Una cama triunfal para Frida y una forma de actuación que la ensucie de lágrimas y de mocos para cantar su idea de revuelta. Todo en Frida fue político. Su sensualidad a contramano de una belleza que inventó y que nadie pudo discutirle y su confianza irrefrenable de tener un nombre, más allá de los murales y de la enormidad de Rivera.

Pintarse era una forma de legitimar su diferencia. Todo lo que el cuerpo le deparaba casi como una canción interna, ella lo volcaba en un sinfín de planos visuales, en el confesionario de una política de la intimidad hecha vanguardia, proclama de la revolución mexicana.
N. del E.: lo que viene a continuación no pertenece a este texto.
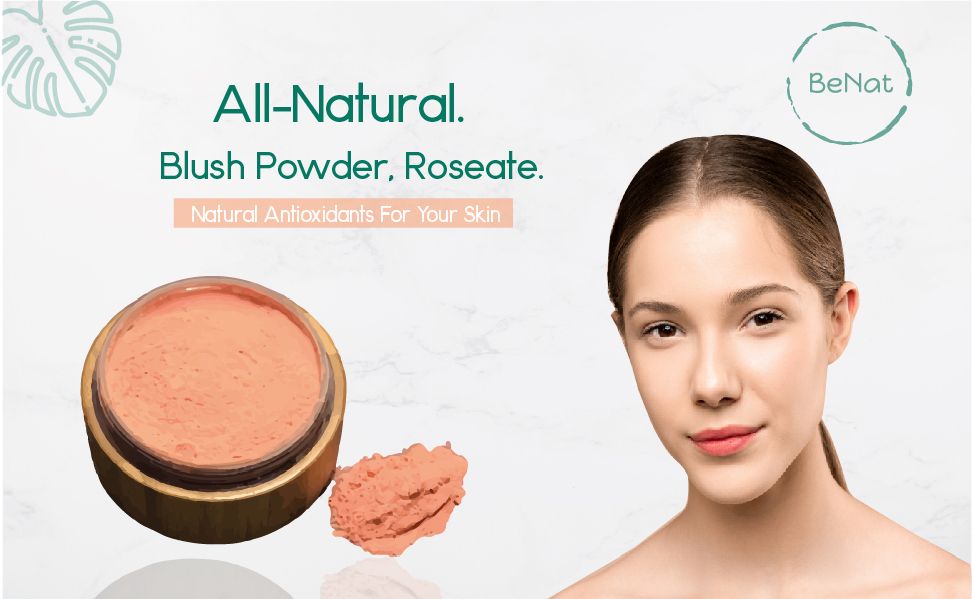 BeNat All-Natural Blush Loose Powder | Reusable Bamboo Container with Refills | Vegan & Lightweight Face Makeup-BeNat All-Natural Blush Loose Powder | Reusable Bamboo Container with Refills | Vegan & Lightweight Face Makeup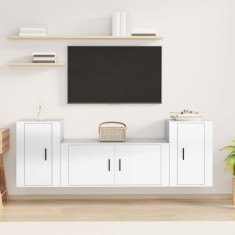 vidaXL Set comoda TV, 3 piese, alb extralucios, lemn prelucrat foto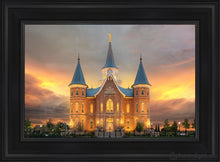 Load image into Gallery viewer, Provo City Center Temple Burning Sky Open Edition Canvas / 14 X 21 Black Frame Art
Si Bretón le dijo que ella era el surrealismo como obra humana, Frida también era el pueblo. Era la mujer aplastada por un tren que sobrevive y entonces no necesita pintar a los trabajadores porque su política está en unir lo que sólo tendría lugar en el mapa arrebatado de su imaginario, y es eso lo que queda. Una actriz que se calza su zapato rojo. Una mujer que cuenta a otra sabiendo que lleva a escena una interpretación que funciona como mito y que Anganuzzi rompe para volverla propia, tejida por su virtud, resucitada para que esa vida aparezca desarmada en la estructura arbitraria de una evocación.

Hay una Frida escritora que parece mirar lo que ocurre como si pudiera opinar a través de Anganuzzi y borrar el testimonio, pero su ideario es tan real que contagia.

Frida Kahlo. Luces y sombras, escrita y dirigida por Patricio Abadi, con la actuación de Jimena Anganuzzi. Sábados a las 21 en el Centro Cultural de la Cooperación.